À data dos factos dessa detenção, já entrou em vigor a nova redacção dada à Lei n.o 17/2009 pela Lei n.o 10/2016, prevendo o n.o 3 do art.o 14.o da Lei n.o 17/2009, nessa nova redacção, que “[…] são contabilizadas as […] substâncias […] que se destinem a consumo pessoal na sua totalidade, ou aquelas que, em parte, sejam para consumo pessoal e, em parte, se destinem a outros fins ilegais”.

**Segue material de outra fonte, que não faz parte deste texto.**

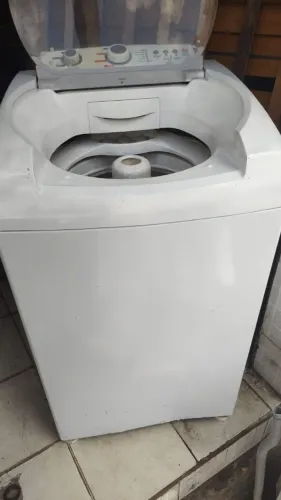 Brastemp 8kg perfeito estado de funcionamento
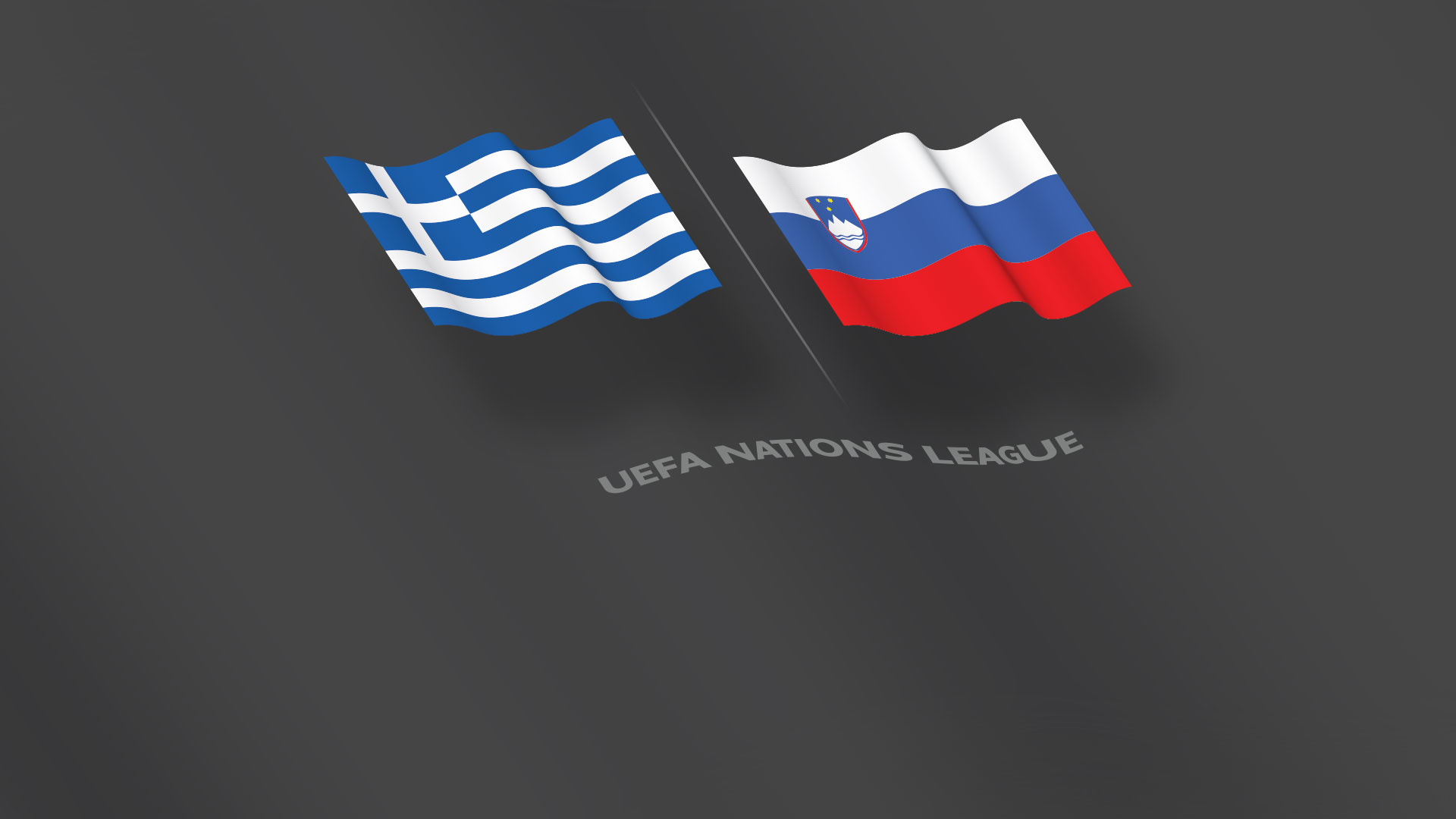 Ελλάδα-Σλοβενία - Nations League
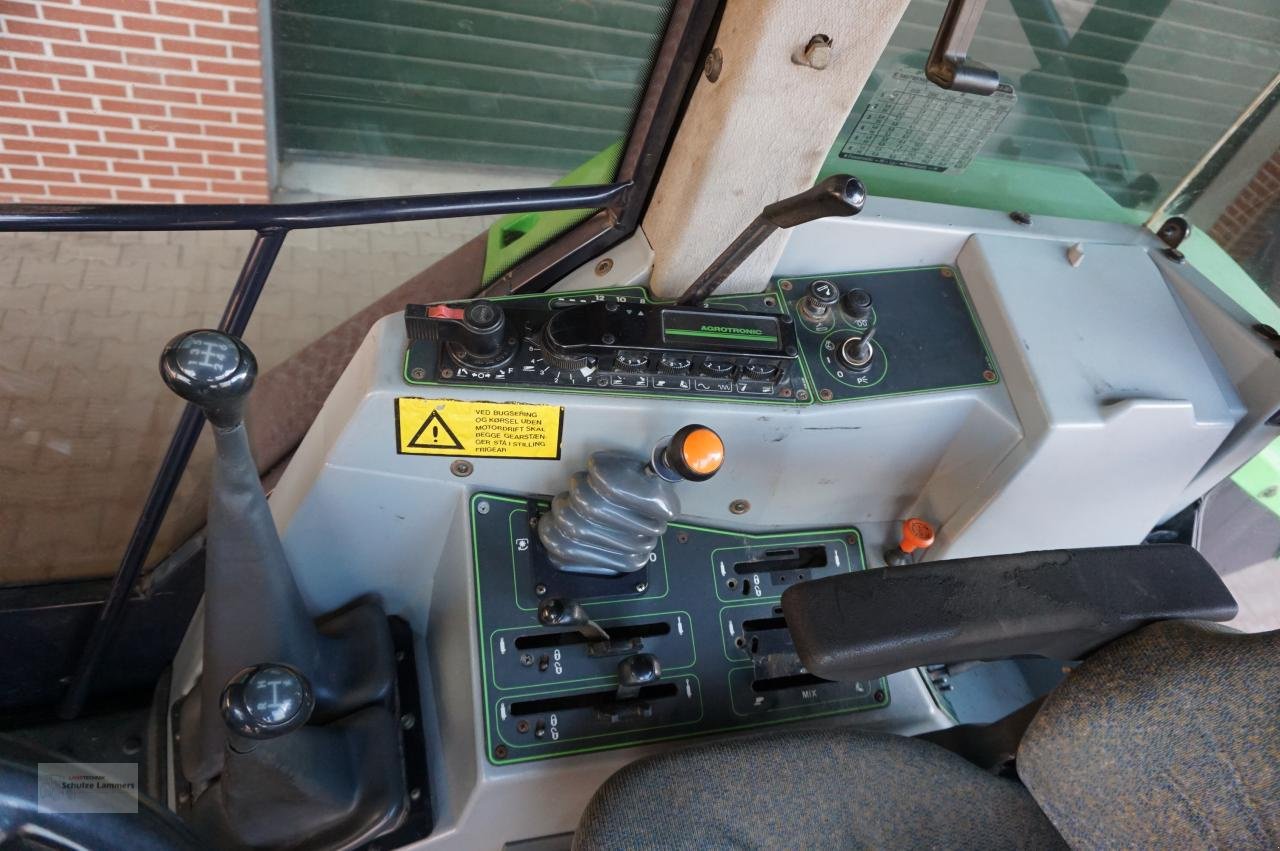 Traktor des Typs Deutz-Fahr Agrostar DX 4.71 nur 5590 Std., Gebrauchtmaschine in Borken (Bild 12)
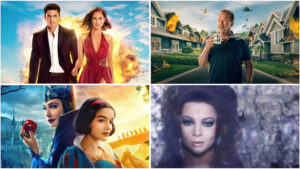 Estrenos semanales
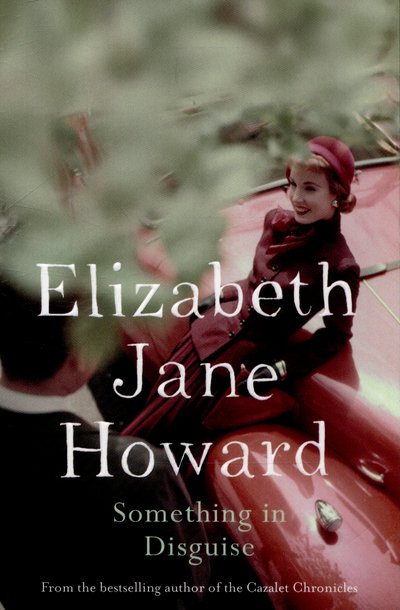 Cover for Elizabeth Jane Howard · Something in Disguise (Taschenbuch) [New edition] (2015)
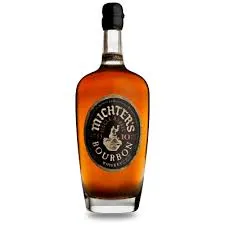 Michters 10 Year Old Bourbon Whiskey 700mL 1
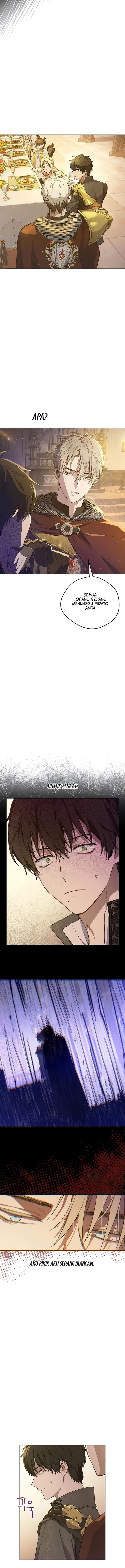 The Forgotten Field Chapter 17 Halaman 9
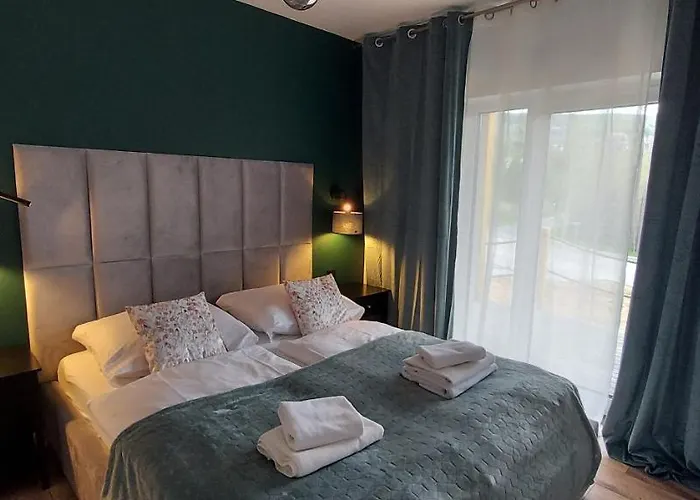 Izerski Widok - Z Tarasem, Osada Gorska 公寓 *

Assim sendo, como a quantidade líquida de heroína detida em autoria material pelo recorrente já excede o quíntuplo da quantidade de referência de uso diário da mesma substância, ele deve ser punido, efectivamente, nos termos do art.o 8.o, n.o 1, por força materialmente sobretudo do n.o 2 do art.o 14.o da mesma Lei n.o 17/2009 (na sua dita redacção nova), e não nos rogados termos do art.o 11.o, n.o 1, dessa Lei (na dita redacção nova) (precisamente porque é o n.o 2 desse art.o 11.o que manda que “Na ponderação da ilicitude consideravelmente diminuída, nos termos do número anterior, deve considerar-se especialmente o facto de a quantidade […] na disponibilidade do agente não exceder cinco vezes a quantidade constante do mapa da quantidade […] anexo à presente lei […]”).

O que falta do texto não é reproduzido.